Getting Sex Offender Management Right

Every once in a while, someone will get it right. Here are three articles, all just out, that give accurate, fact-based information and opinions regarding sex offender management and treatment.

Sex Offenders Aren’t all Monsters,” written by Dianne Frazee-Walker, appears in a blog titled Prison Law News. Referring often to Nicole Pitman’s Human Rights Watch report on juvenile offenders, this article addresses the damage done to youth when they are publicly labeled as beyond redemption.

This excellent article by Lawrence Bench and Terry Allen summarizes the research done by the authors and their findings. They encountered, not surprisingly, opposition to their work, but they fought and won to have it published in a peer-reviewed journal from the Utah Department of Corrections. “Toward a strategic sex offender policy” should be required reading for every legislator who is writing or supporting any sex offender legislation now or in the future.

To Spot a Predator,” written by Josh Dooley, is a horse of a different color. While it generalizes and over-simplifies some things, it also makes some good points, and it makes one point extremely well; children are primarily at risk for sexual harm not from strangers, not from registered sex offenders, but from those they know and trust and often love.

This undeniable fact, supported  by every source out there, is in direct opposition to what our society, our media, and our government focuses on and expends virtually all resources on.

The structure in place to track and monitor every single person who has committed any type of offense that can be labeled a sex offense, and some that are not, is a multi-million dollar industry. Many of the elements are mandated by the federal government. The propaganda machine that supports and helps drive this industry has done an excellent job. We are to the point where the announcement that a registered offender has moved to a town or a neighborhood sends  everyone into panic and hysteria over protecting the children.

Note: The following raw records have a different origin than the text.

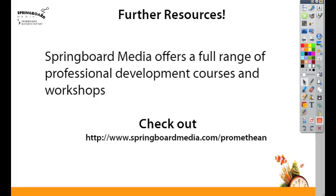I hope you've enjoyed watching today's active tip. Springboard Media has a full range of professional development courses and workshops. Check us out at springboardmedia.com/promethean.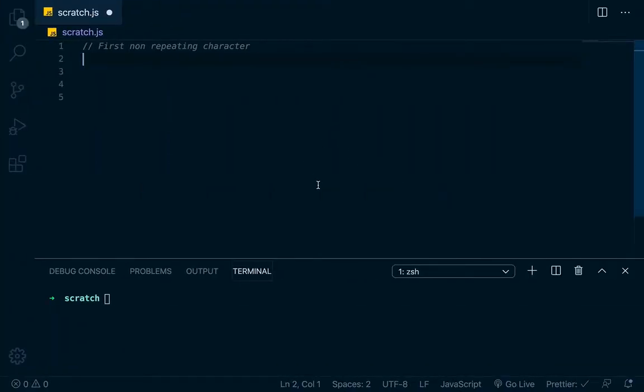Hello, so today what we're going to be doing is going over a really quick algorithm. This is the first non-repeating character algorithm. You can do it the same way in a string or an array. In our example today we're going to use a string.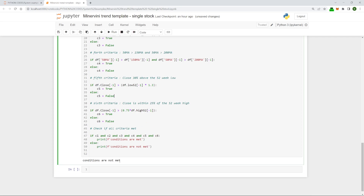And unsurprisingly, conditions are not met. So that in a roundabout way is how we would structure the logic and if statements around a simple process of seeing if a stock meets a set of criteria. In the next video we'll go over how to apply this same process to a list of stocks — I'm intending to do the S&P 500 — and hopefully the program will produce results showing which stocks meet the criteria for further analysis. Stay tuned for that video, and I'll see you then. Thanks.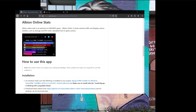What's going on guys, how you guys doing? It's Uncle Muscles here. I'm going to show you guys very, very quickly how to install the Albion Online Stats application.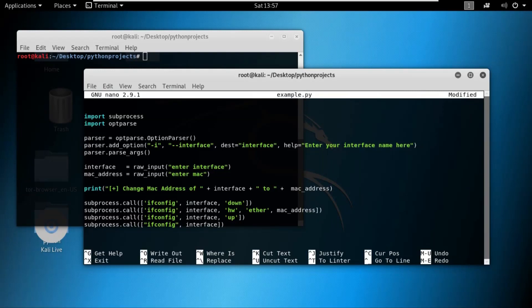Hey, what is up everyone? Welcome back to another video on Python for Ethical Hackers. In this video we'll learn how to add the second option, which is MAC address, to our MAC Changer program.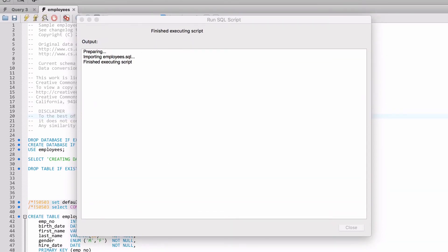Right now you can see this is a little confusing because the script is actually running right now. It says importing SQL or employees SQL, but finished executing script. It's actually running. You can see that the window is still grayed out. It's actually executing in the background, loading up those tables.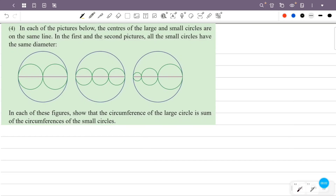In each of the pictures below, the centers of the large and small circles are on the same line. In the first and second pictures, all the small circles have the same diameters. In each of these figures, show that the circumference of the large circle is the sum of the circumferences of the small circles. In the third figure, the square is one of the small circles.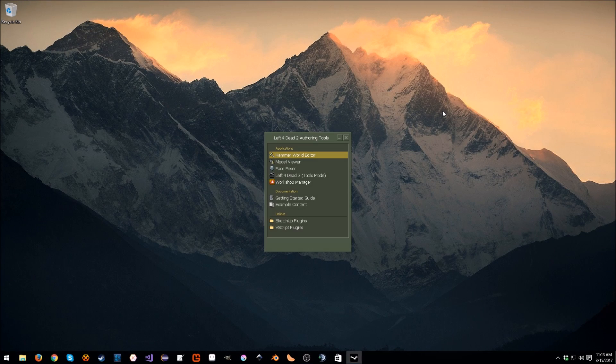Hello everyone, my name is Raven, and welcome to Raven67854Gaming, and welcome to my brand new Left 4 Dead 2 tutorial series. This is a re-do of the old ones from way back in 2009, 2010 — a long time ago.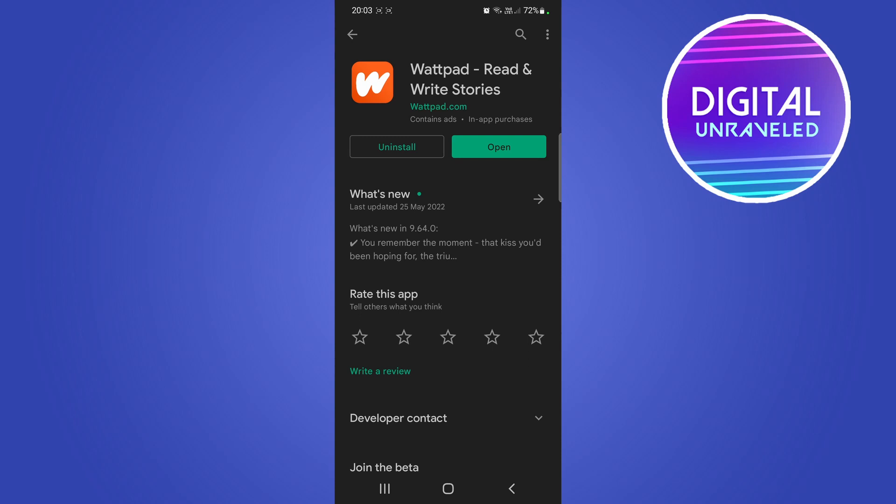It will begin downloading the update automatically for you, and then when the download is finished it will install the update onto your phone. Then you'll be able to use the latest version of the Wattpad app.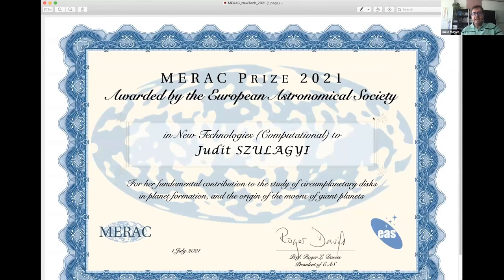Before we move to the next speaker, we note that Jean-Marie Lusier also joined. We are now very happy to move to the next prize recipient: Professor Judith Szulágyi from ETH Zurich, who receives the prize for new technologies including computational methods. She is a computational astrophysicist receiving the prize for a fundamental contribution to the study of circumplanetary discs in planet formation and the origin of the moons of giant planets.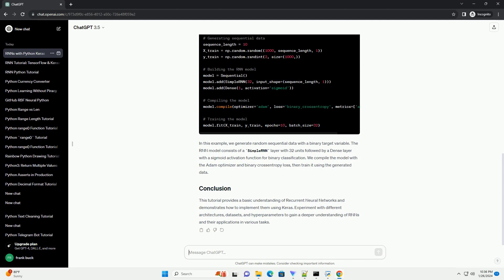Let's create a simple example of an RNN using Keras to understand the basics. In this example, we generate random sequential data with a binary target variable.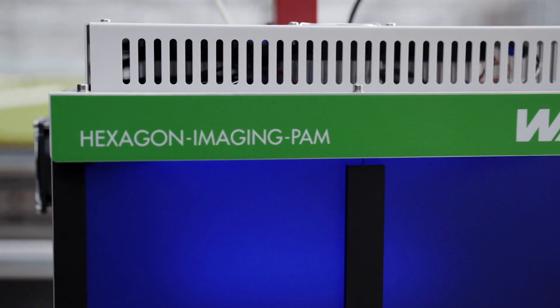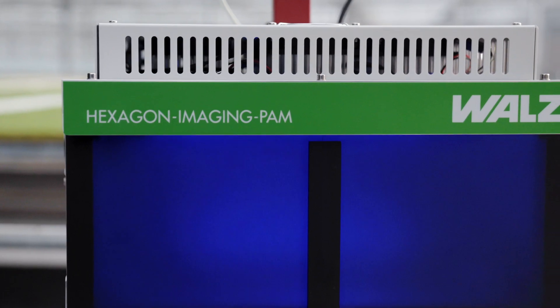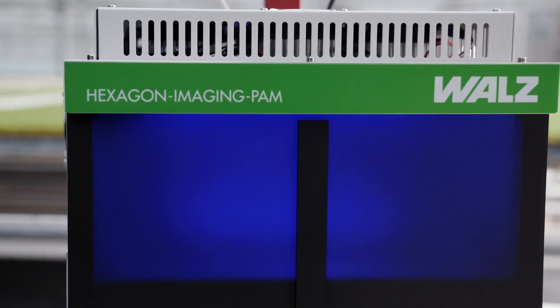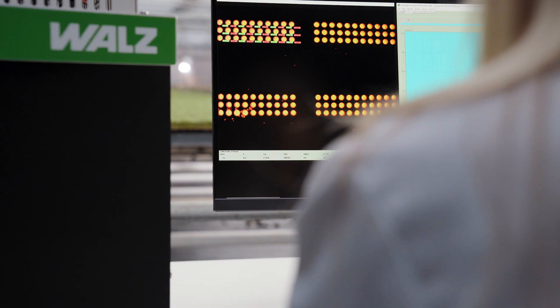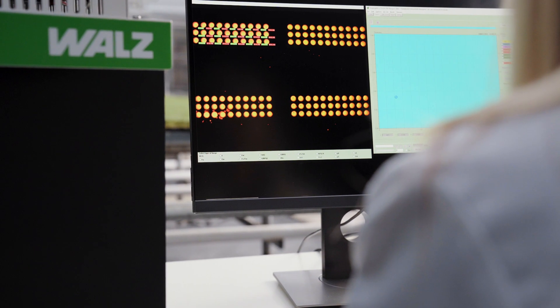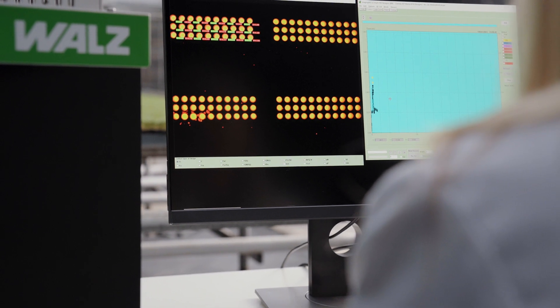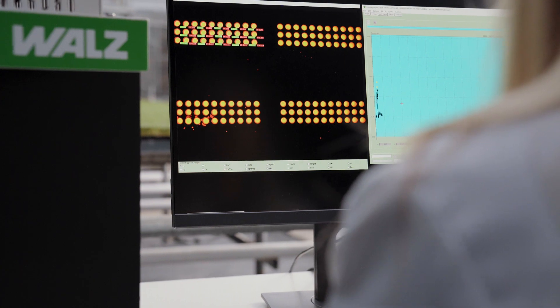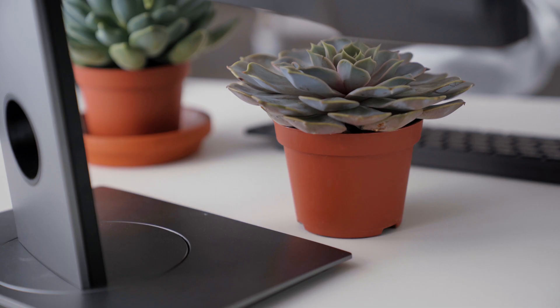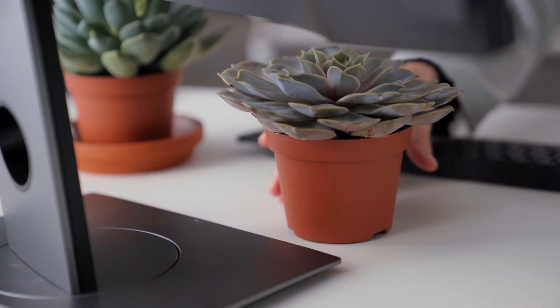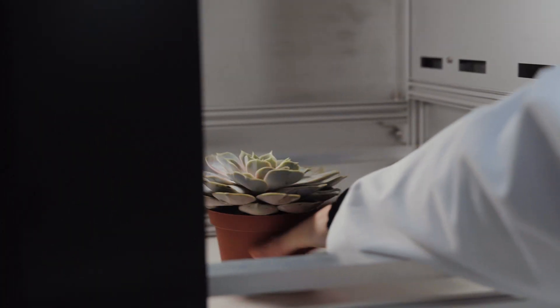Special attention has been paid to the LED array with powerful blue excitation and far-red LEDs for maximum light field homogeneity. The Hexagon Imaging PAM offers a very large sample area – 480 square centimeters are available for your application.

Before we can even begin to address the undeniable truth of child sexual abuse, we will have to dismantle a large portion of the machinery that moves the public sex offender registry and all that it has spawned. Only then will we have the resources to build something in its place that will address the problem.

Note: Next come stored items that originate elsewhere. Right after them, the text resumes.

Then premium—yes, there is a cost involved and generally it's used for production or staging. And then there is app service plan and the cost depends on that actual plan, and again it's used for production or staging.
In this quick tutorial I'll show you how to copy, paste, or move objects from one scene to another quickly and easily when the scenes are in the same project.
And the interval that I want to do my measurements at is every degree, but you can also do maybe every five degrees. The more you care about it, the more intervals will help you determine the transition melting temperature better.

Comprehensive services for sexual crime victims, completely missing in what we currently have, are vital. Vastly improved rehabilitation, reentry, and support services for those who have offended, served their sentences, and want to build law-abiding lives are vital. And comprehensive and intensive programs of awareness, education, and prevention in every school and community are vital.

Isn’t it time that what we have in place to address the problem at least knows what the problem is?